Captioned web image data:
*** Begin section ***

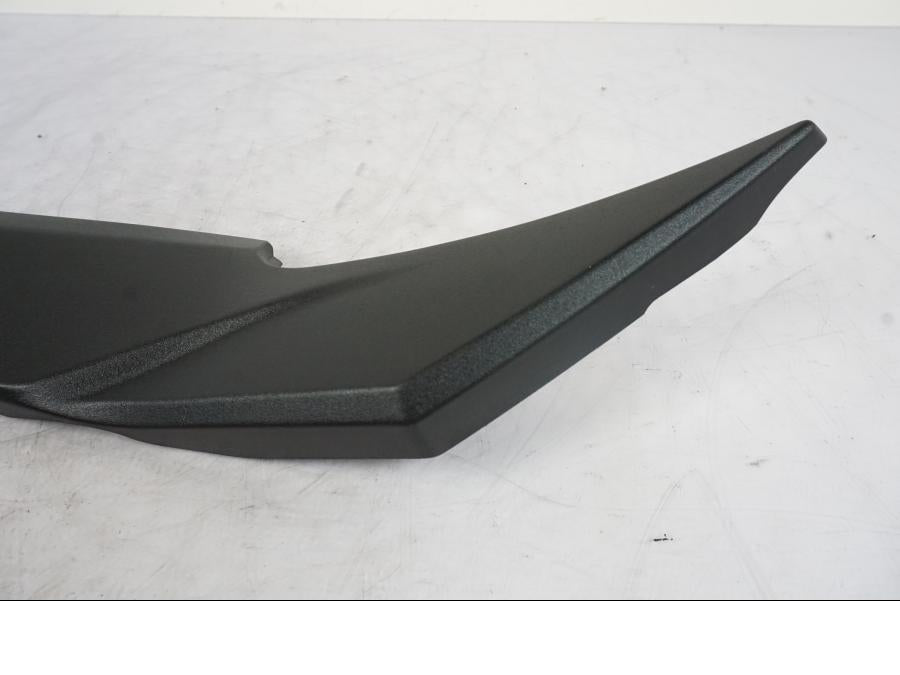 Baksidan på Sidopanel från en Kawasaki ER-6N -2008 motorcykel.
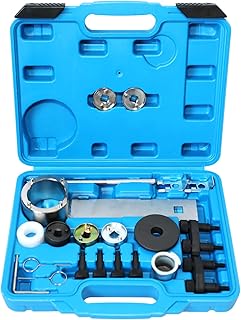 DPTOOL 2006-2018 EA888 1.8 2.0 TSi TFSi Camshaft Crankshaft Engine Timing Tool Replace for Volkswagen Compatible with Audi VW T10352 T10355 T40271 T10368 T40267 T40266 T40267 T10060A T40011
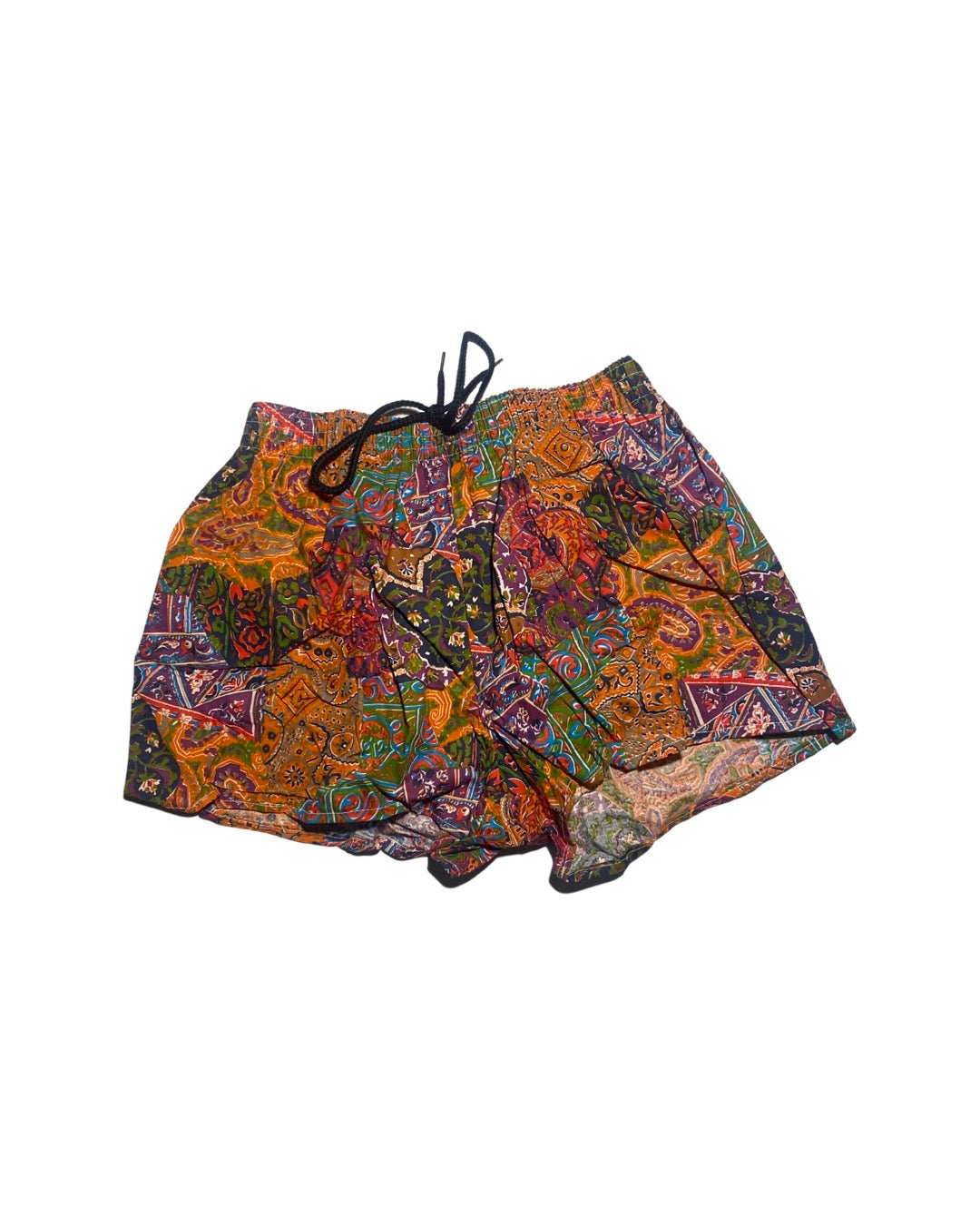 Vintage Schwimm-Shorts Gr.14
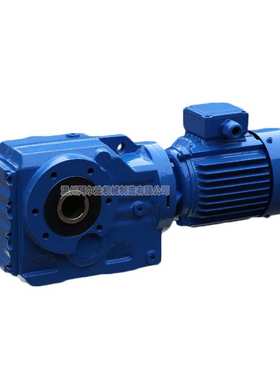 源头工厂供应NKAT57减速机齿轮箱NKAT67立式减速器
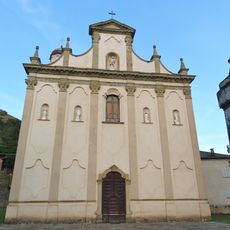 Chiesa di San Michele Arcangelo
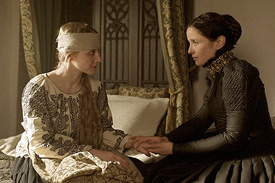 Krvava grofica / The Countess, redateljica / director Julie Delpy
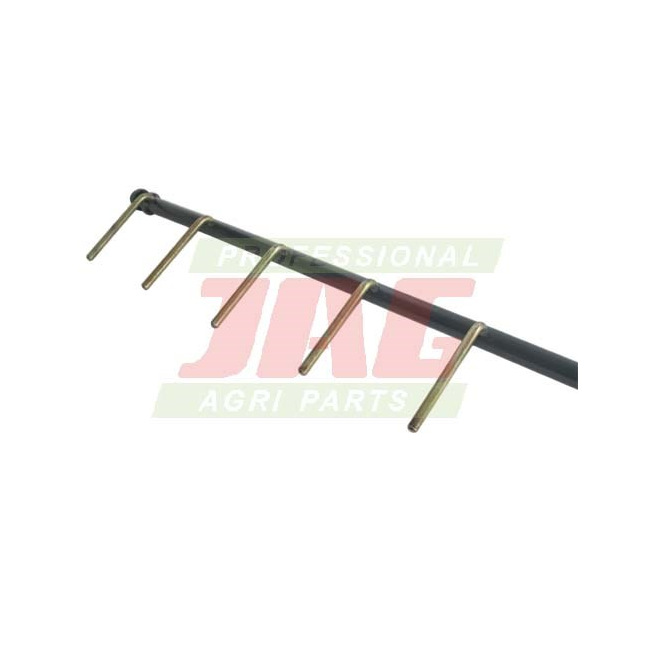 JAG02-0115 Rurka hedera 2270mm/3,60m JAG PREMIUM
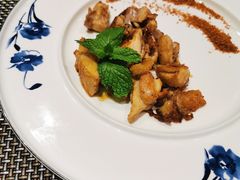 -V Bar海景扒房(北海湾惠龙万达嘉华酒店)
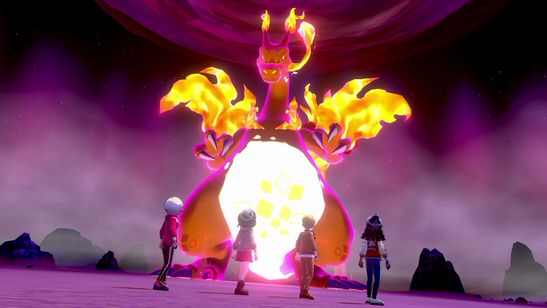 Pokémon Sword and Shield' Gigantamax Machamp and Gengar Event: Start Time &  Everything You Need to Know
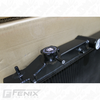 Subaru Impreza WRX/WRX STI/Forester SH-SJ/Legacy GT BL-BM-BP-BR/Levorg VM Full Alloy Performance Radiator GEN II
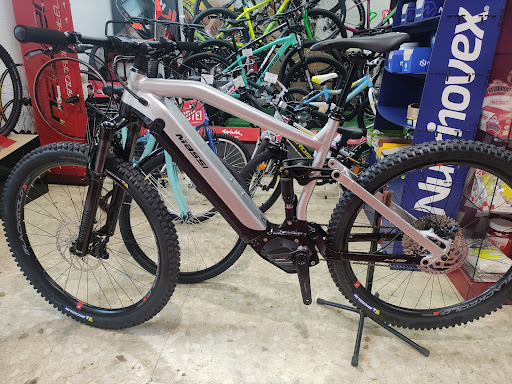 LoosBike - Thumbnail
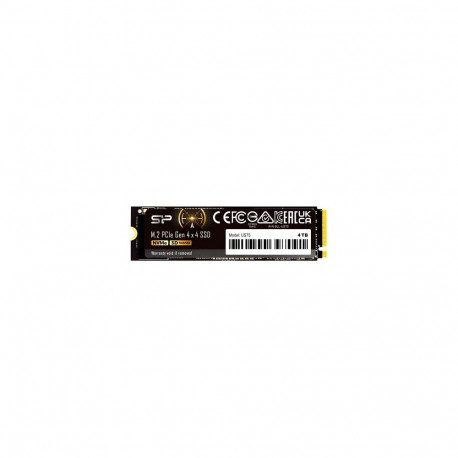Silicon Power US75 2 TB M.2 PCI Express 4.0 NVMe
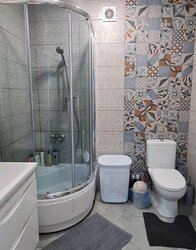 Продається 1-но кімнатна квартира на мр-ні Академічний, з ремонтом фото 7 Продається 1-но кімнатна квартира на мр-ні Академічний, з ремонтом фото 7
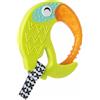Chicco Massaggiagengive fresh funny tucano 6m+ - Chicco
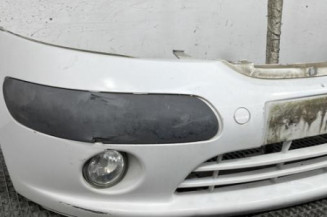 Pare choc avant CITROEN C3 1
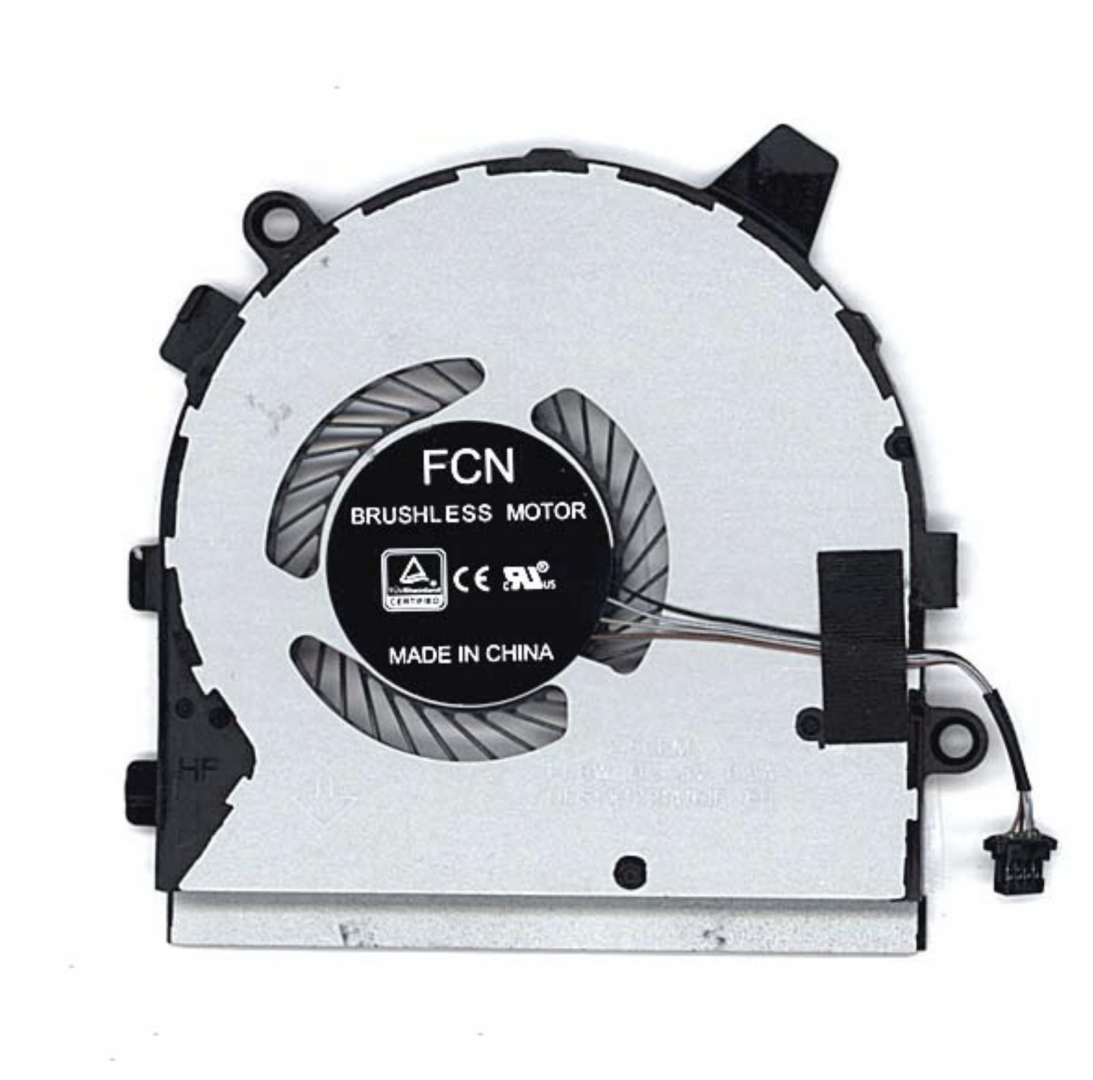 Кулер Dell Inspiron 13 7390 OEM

*** End section ***

WORK TO COMPLETE.
For the records above, give every line again exactly and skip the pictures.

EXERCISE OUTPUT.
 Baksidan på Sidopanel från en Kawasaki ER-6N -2008 motorcykel.
 DPTOOL 2006-2018 EA888 1.8 2.0 TSi TFSi Camshaft Crankshaft Engine Timing Tool Replace for Volkswagen Compatible with Audi VW T10352 T10355 T40271 T10368 T40267 T40266 T40267 T10060A T40011
 Vintage Schwimm-Shorts Gr.14
 源头工厂供应NKAT57减速机齿轮箱NKAT67立式减速器
 Chiesa di San Michele Arcangelo
 Krvava grofica / The Countess, redateljica / director Julie Delpy
 JAG02-0115 Rurka hedera 2270mm/3,60m JAG PREMIUM
 -V Bar海景扒房(北海湾惠龙万达嘉华酒店)
 Pokémon Sword and Shield' Gigantamax Machamp and Gengar Event: Start Time &  Everything You Need to Know
 Subaru Impreza WRX/WRX STI/Forester SH-SJ/Legacy GT BL-BM-BP-BR/Levorg VM Full Alloy Performance Radiator GEN II
 LoosBike - Thumbnail
Silicon Power US75 2 TB M.2 PCI Express 4.0 NVMe
 Продається 1-но кімнатна квартира на мр-ні Академічний, з ремонтом фото 7 Продається 1-но кімнатна квартира на мр-ні Академічний, з ремонтом фото 7
Chicco Massaggiagengive fresh funny tucano 6m+ - Chicco
 Pare choc avant CITROEN C3 1
 Кулер Dell Inspiron 13 7390 OEM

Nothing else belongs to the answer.